Otel Java Agent Causing Heap Memory Leak Issue #12303

vanilla-sundae · 2024-09-20T00:38:04Z

Describe the bug

Context

My service uses Otel Java agent published by this library https://github.com/aws-observability/aws-otel-java-instrumentation
. with annotations @WithSpan and @SpanAttribute (https://opentelemetry.io/docs/zero-code/java/agent/annotations/) in the code to get traces for our requests.

Problem Statement

Otel Java agent was set up correctly, and no memory issue with initial setup. However, it's after we add annotations @WithSpan and @SpanAttribute to the service code that we started to see a periodic memory increase issue (JVM metric HeapMemoryAfterGCUse increased to almost 100%) with a lot of otel objects created on the heap, and we have to bounce our hosts to mitigate it.

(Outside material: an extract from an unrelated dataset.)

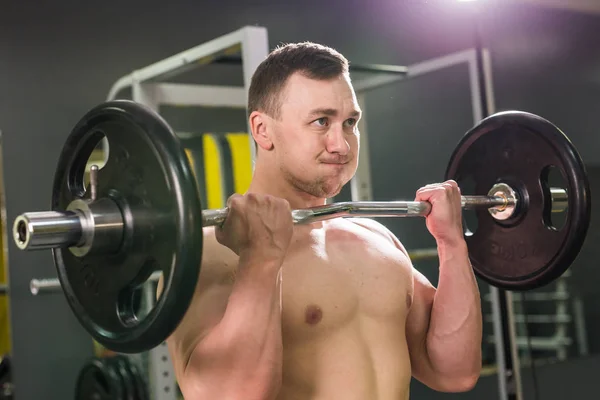 Junger schöner Mann trainiert im Fitnessstudio — Stockfoto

Otel objects we saw are mainly io.opentelemetry.javaagent.shaded.instrumentation.api.internal.cache.weaklockfree.AbstractWeakConcurrentMap$WeakKey and io.opentelemetry.javaagent.bootstrap.executors.PropagatedContext, as well as java objects java.util.concurrent.ConcurrentHashMap$Node and java.lang.ref.WeakReference

We added @WithSpan to methods executed by child threads and virtual threads, not sure if that would be a concern. But we are able to view traces for these methods correctly.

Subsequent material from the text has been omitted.